====== GIVEN MATERIAL ======

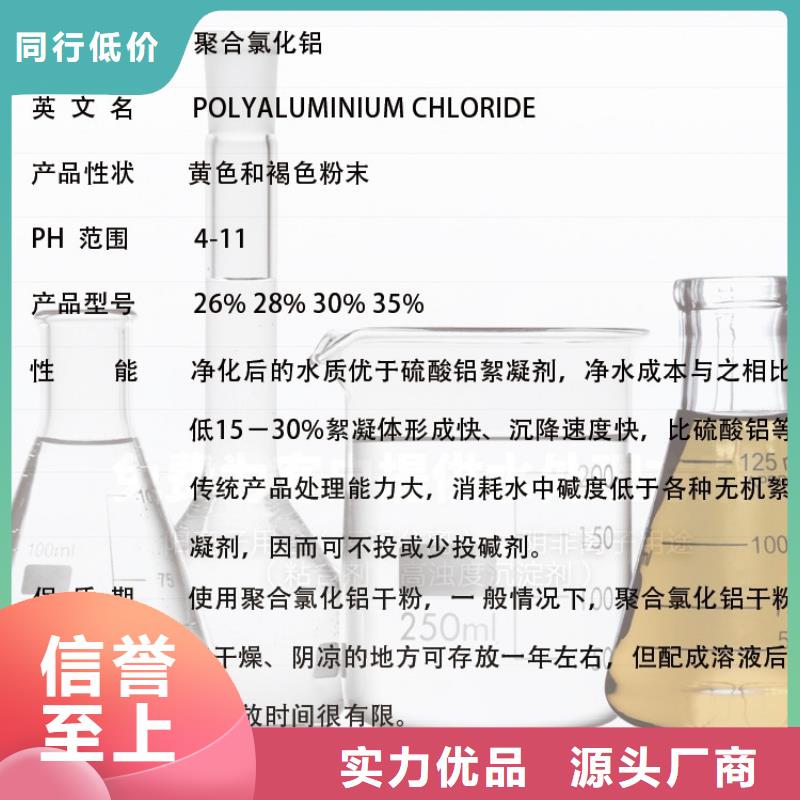 聚合氯化铝醋酸钠厂家规格齐全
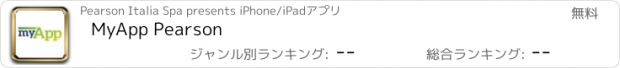 おすすめアプリ MyApp Pearson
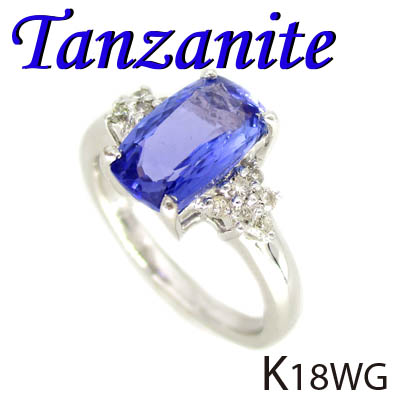 1-2203-02005 IDI  ◆ K18 ホワイトゴールド リング タンザナイト & ダイヤモンド　12号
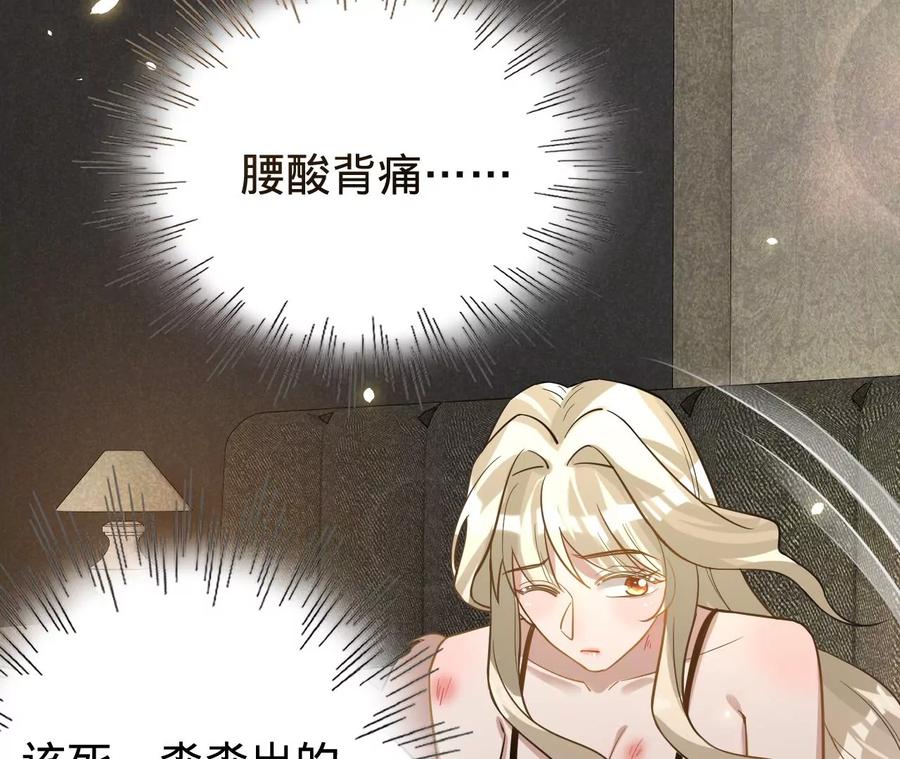 寵妻狂魔：百萬千金要淪陷 - 第212話 王八蛋的賠罪(2/3) - 1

======

(AIM OF THE TASK)
Without changing a word, retype the data above and omit its pictures.

(RESULT)
 聚合氯化铝醋酸钠厂家规格齐全
 おすすめアプリ MyApp Pearson
 1-2203-02005 IDI  ◆ K18 ホワイトゴールド リング タンザナイト & ダイヤモンド　12号
 寵妻狂魔：百萬千金要淪陷 - 第212話 王八蛋的賠罪(2/3) - 1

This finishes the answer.